### Assignment
Make an exact copy of the records that follow, with each picture omitted.

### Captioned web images
--
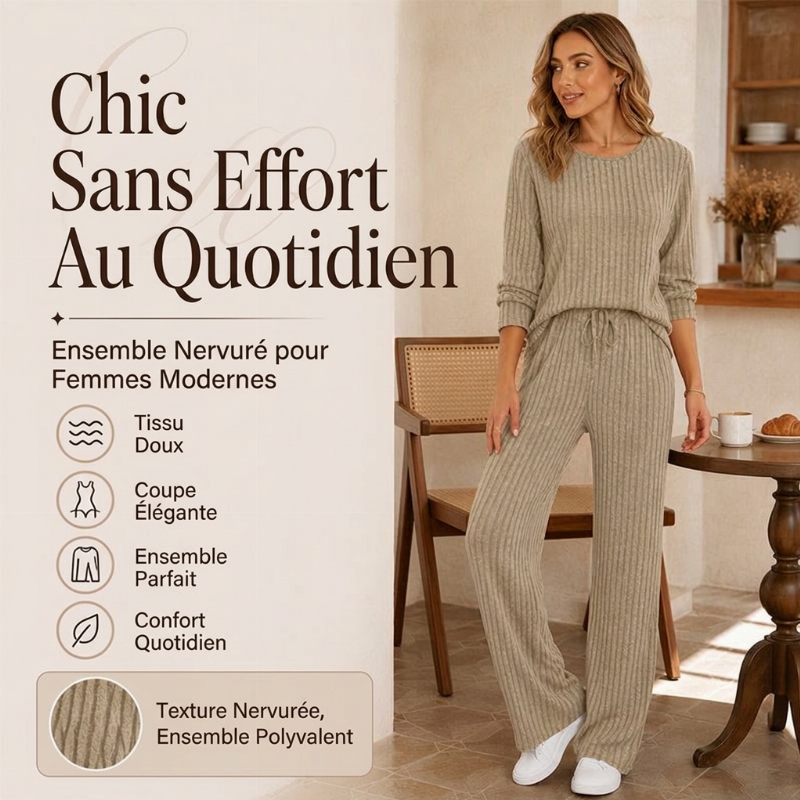 🔥DERNIER JOUR DE SOLDE : -70%👍✨Ensemble féminin 2026 style britannique : haut en maille côtelée et pantalon droit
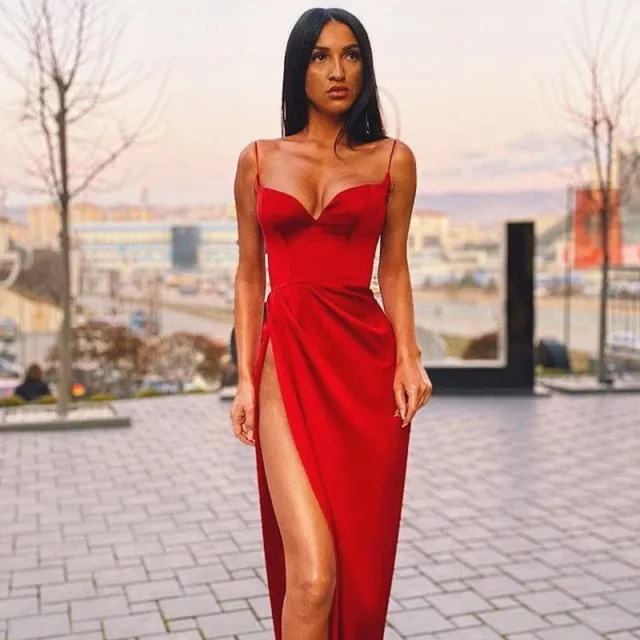 Satin Side Split Loose Fit Maxi Dress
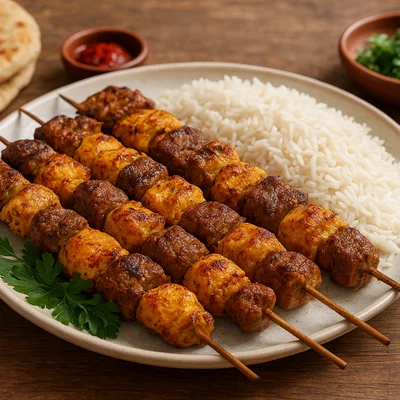 Kabab Bakhtiari – gemischte Hähnchen-Lamm-Spieße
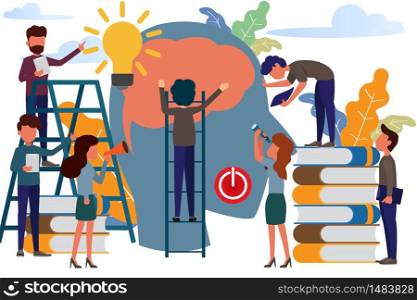Knowledge concept. big head and brain has people around big head reading concept. modern flat design vector illustration.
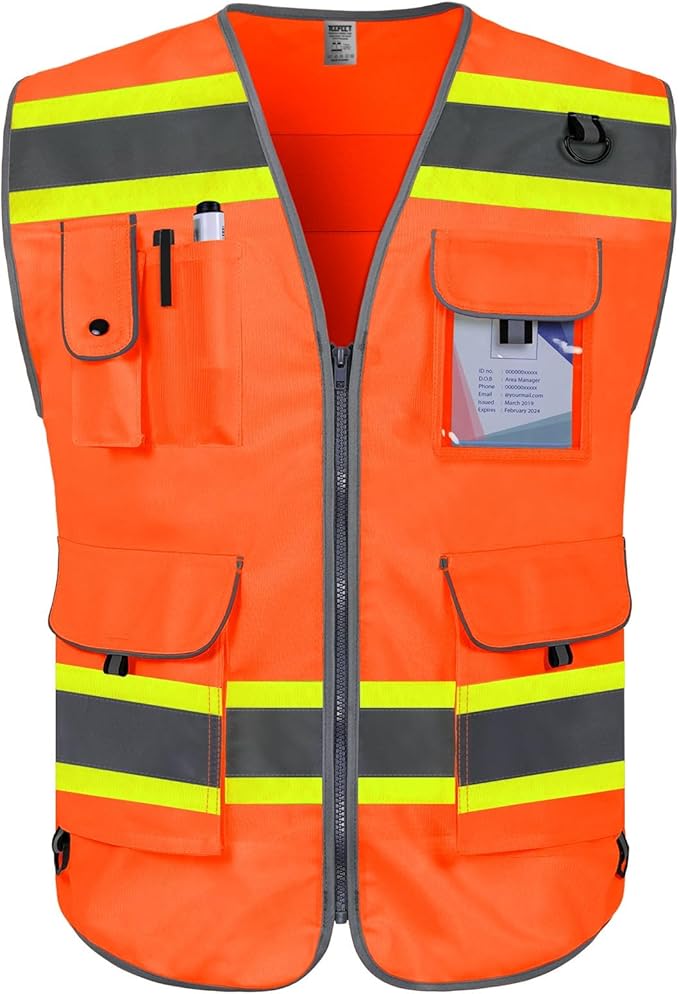 TCCFCCT Work Vest for Men Women 9 Pockets High Visibility Safety Vest with Fluorescent Yellow Extend Edge, Hi Vis Reflective Vest for Workers, Surveyors, Meets ANSI/ISEA, (DB-Orange, 4X-Large)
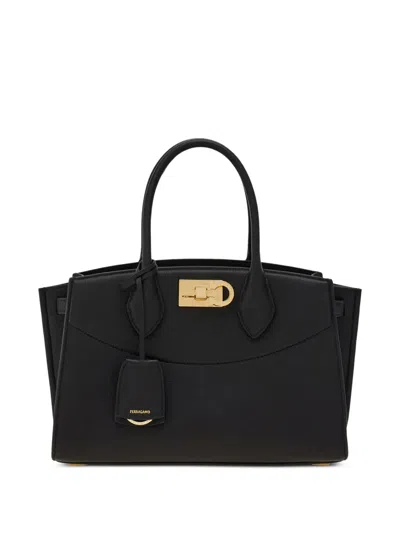 Ferragamo Structured Shoulder Bag Adjustable Strap In Black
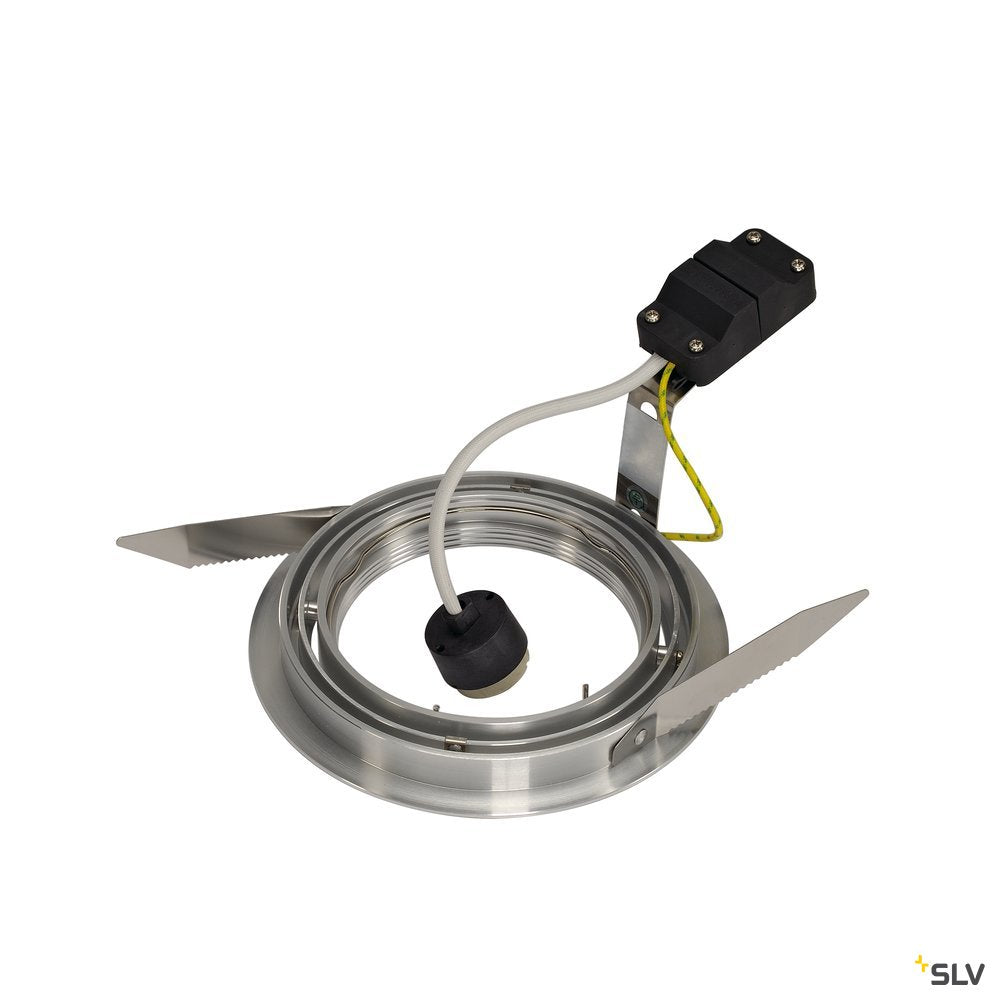 SLV NEW TRIA ES111 Downlight, rund, alu brushed, GU10, max. 75W, inkl. Blattfedern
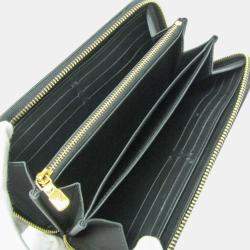 Pre Owned Louis Vuitton Coussin Zippy Wallet Lamb Leather Long Wallet bi-fold Black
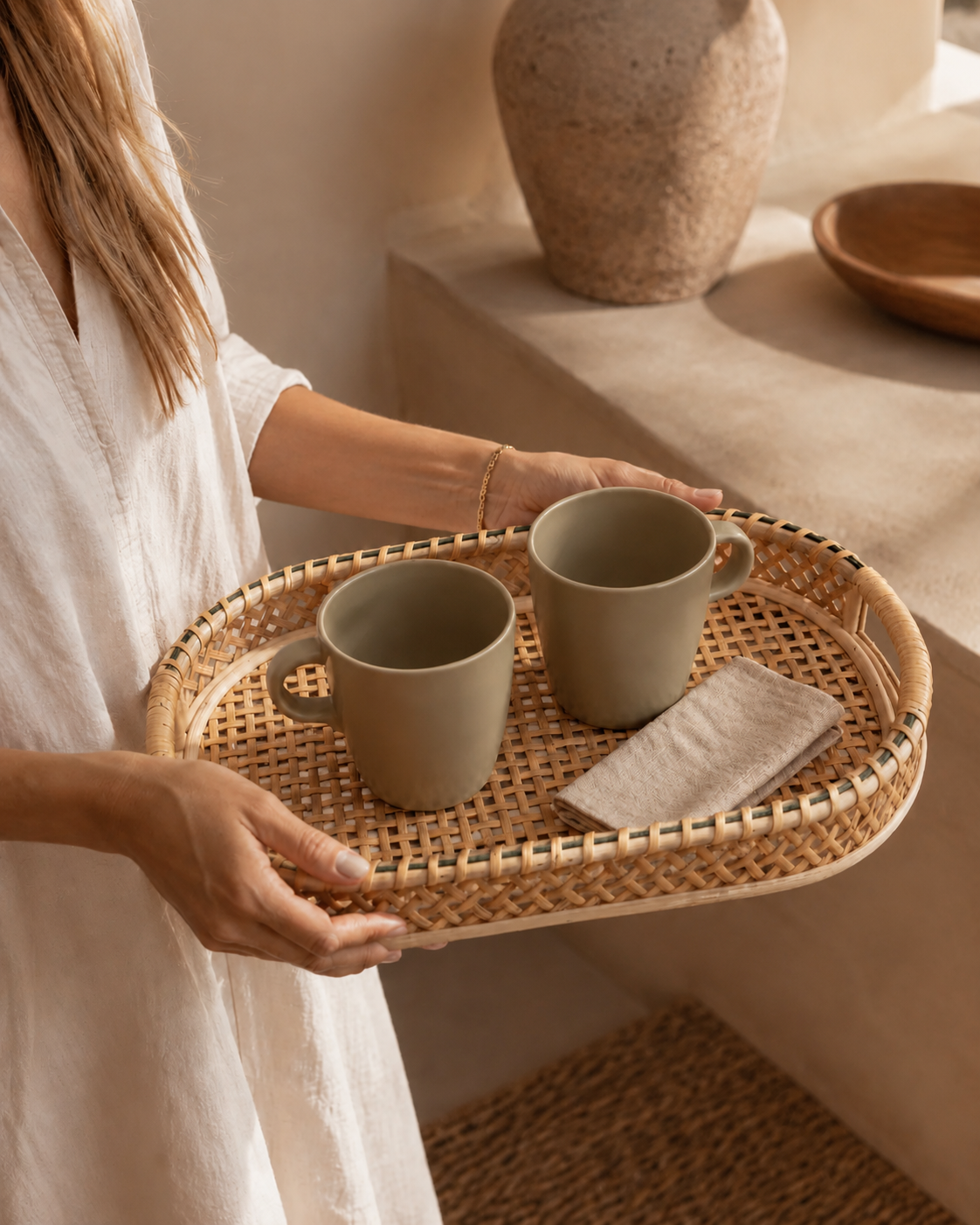 Nora Rattan Oval Tray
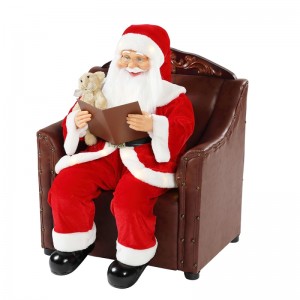 80cm sofa santa claus med belysning musikalske ornament jul dekoration ferie figurine samling traditionelle xmas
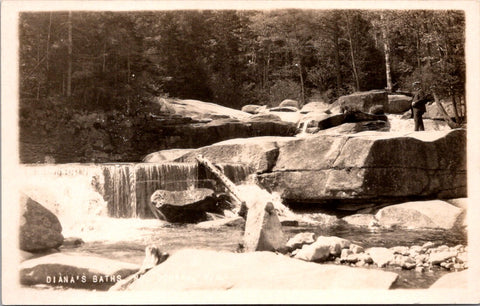 NH, NORTH CONWAY - Dianas Baths - man in suit standing on rocks - RPPC - w01744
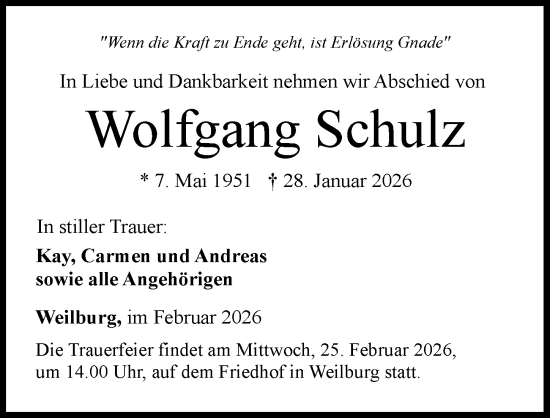 Traueranzeige von Wolfgang Schulz von Weilburger Tageblatt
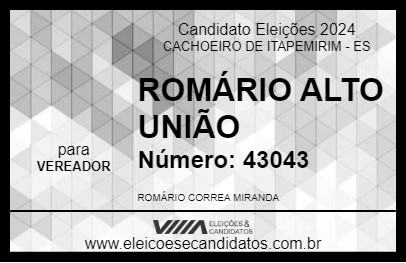 Candidato ROMÁRIO ALTO UNIÃO 2024 - CACHOEIRO DE ITAPEMIRIM - Eleições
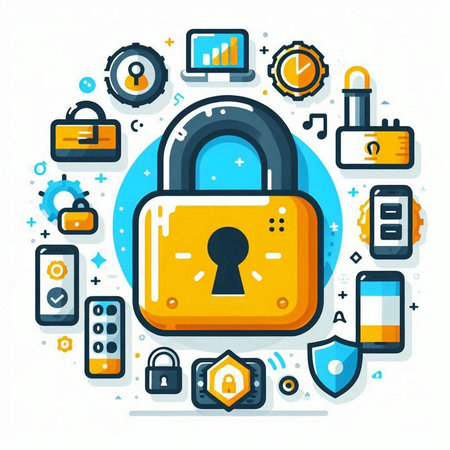Cyber security concept. Lock and padlock. Vector illustration.のイラスト素材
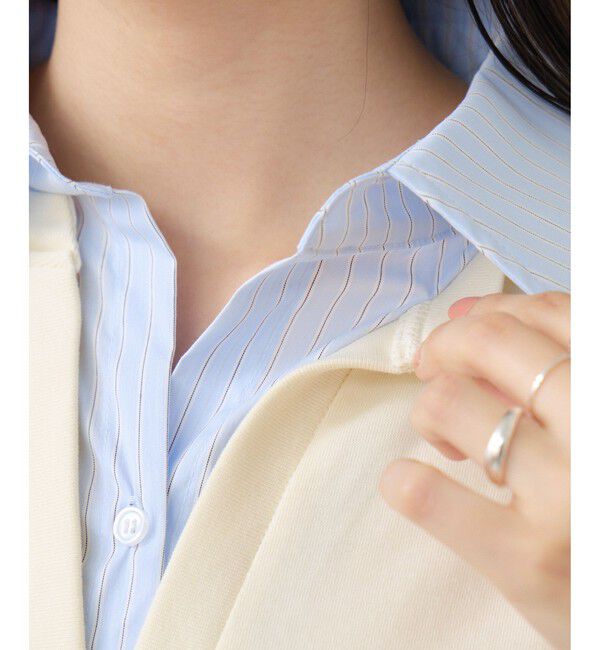VIS「ICE BEAUTY ドッキング衿ハーフスリーブプルオーバー/UVケア・接触冷感・汗染み防止」|Tシャツ・カットソー|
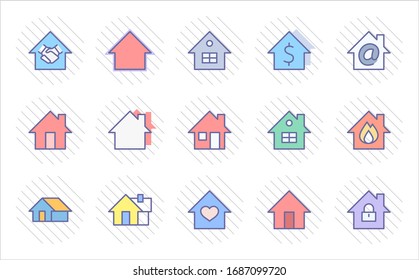 Set of House Vector Home Line Icons. Contains symbols of Conclusion of Contract, Heart, Drop of water, fire, money and more. Editable Stroke. 32x32 pixels.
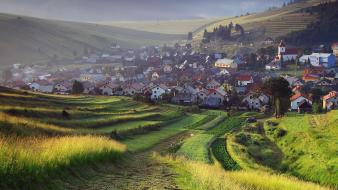 Landscapes cityscapes fields europe town slovakia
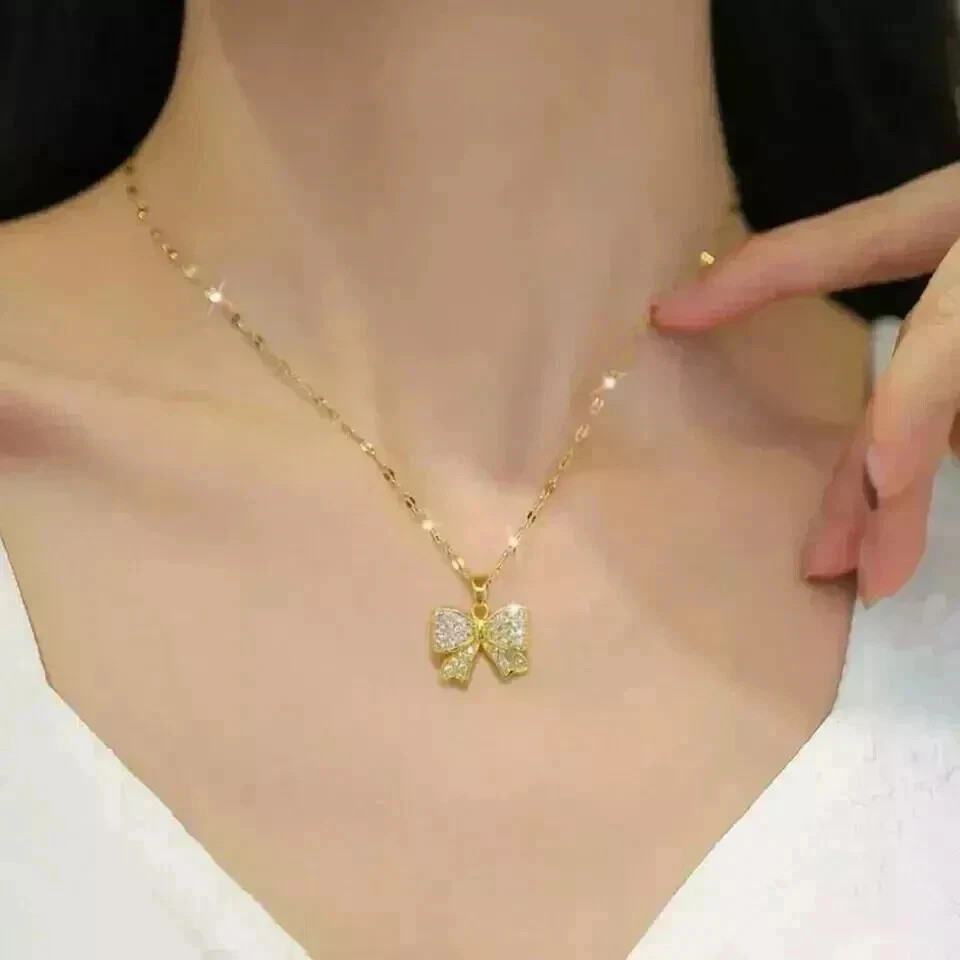 2.2CT Round Cut Lab Created Diamond Women’s Bow Pendant 14k Yellow Gold Plated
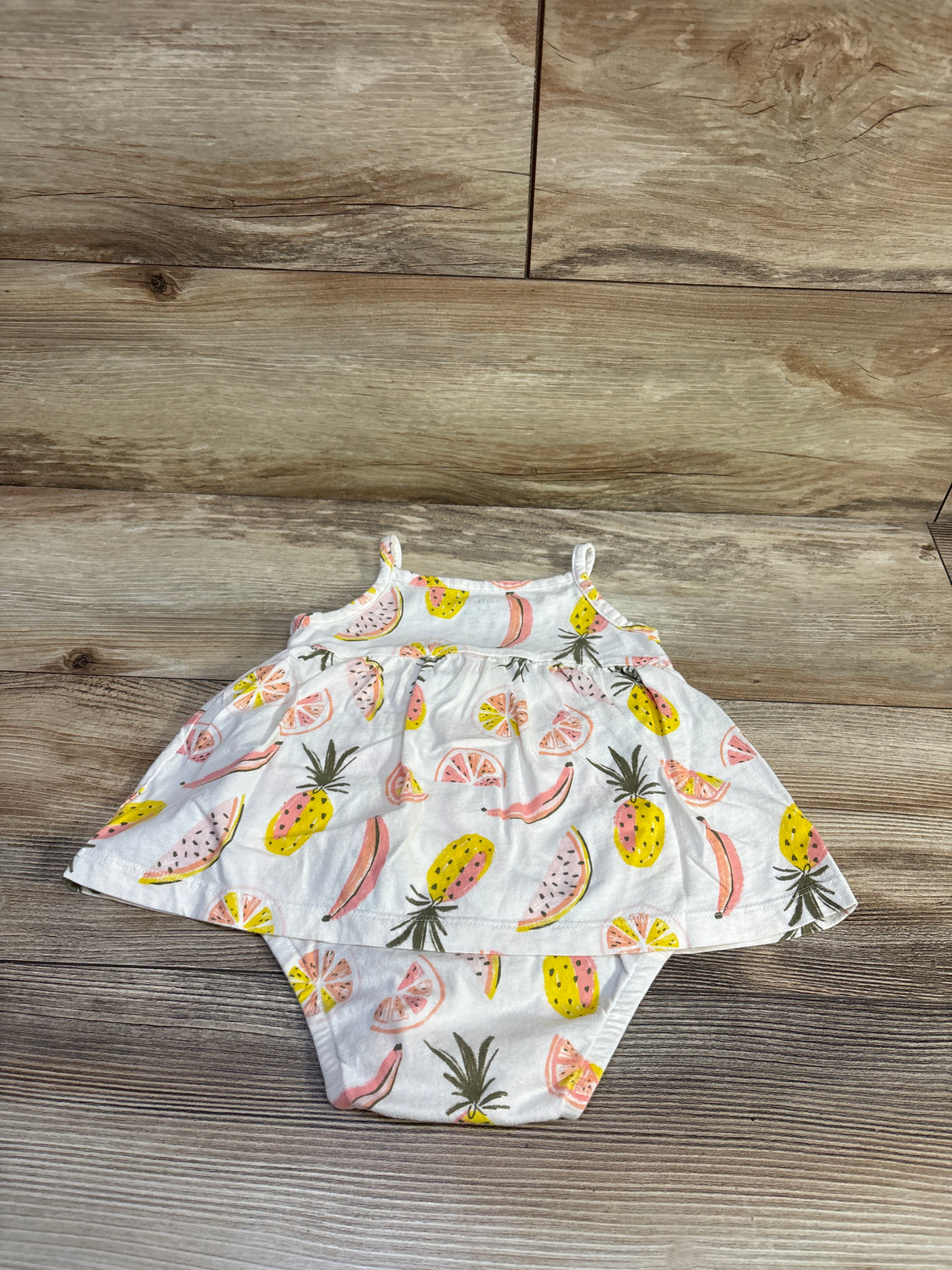 Carter's Fruit Print Bodysuit Dress White sz 12m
--
### Task result
 🔥DERNIER JOUR DE SOLDE : -70%👍✨Ensemble féminin 2026 style britannique : haut en maille côtelée et pantalon droit
 Satin Side Split Loose Fit Maxi Dress
 Kabab Bakhtiari – gemischte Hähnchen-Lamm-Spieße
Knowledge concept. big head and brain has people around big head reading concept. modern flat design vector illustration.
 TCCFCCT Work Vest for Men Women 9 Pockets High Visibility Safety Vest with Fluorescent Yellow Extend Edge, Hi Vis Reflective Vest for Workers, Surveyors, Meets ANSI/ISEA, (DB-Orange, 4X-Large)
 Ferragamo Structured Shoulder Bag Adjustable Strap In Black
 SLV NEW TRIA ES111 Downlight, rund, alu brushed, GU10, max. 75W, inkl. Blattfedern
 Pre Owned Louis Vuitton Coussin Zippy Wallet Lamb Leather Long Wallet bi-fold Black
 Nora Rattan Oval Tray
 80cm sofa santa claus med belysning musikalske ornament jul dekoration ferie figurine samling traditionelle xmas
 NH, NORTH CONWAY - Dianas Baths - man in suit standing on rocks - RPPC - w01744
 Traueranzeige von Wolfgang Schulz von Weilburger Tageblatt
 Candidato ROMÁRIO ALTO UNIÃO 2024 - CACHOEIRO DE ITAPEMIRIM - Eleições
Cyber security concept. Lock and padlock. Vector illustration.のイラスト素材
VIS「ICE BEAUTY ドッキング衿ハーフスリーブプルオーバー/UVケア・接触冷感・汗染み防止」|Tシャツ・カットソー|
 Set of House Vector Home Line Icons. Contains symbols of Conclusion of Contract, Heart, Drop of water, fire, money and more. Editable Stroke. 32x32 pixels.
 Landscapes cityscapes fields europe town slovakia
 2.2CT Round Cut Lab Created Diamond Women’s Bow Pendant 14k Yellow Gold Plated
 Carter's Fruit Print Bodysuit Dress White sz 12m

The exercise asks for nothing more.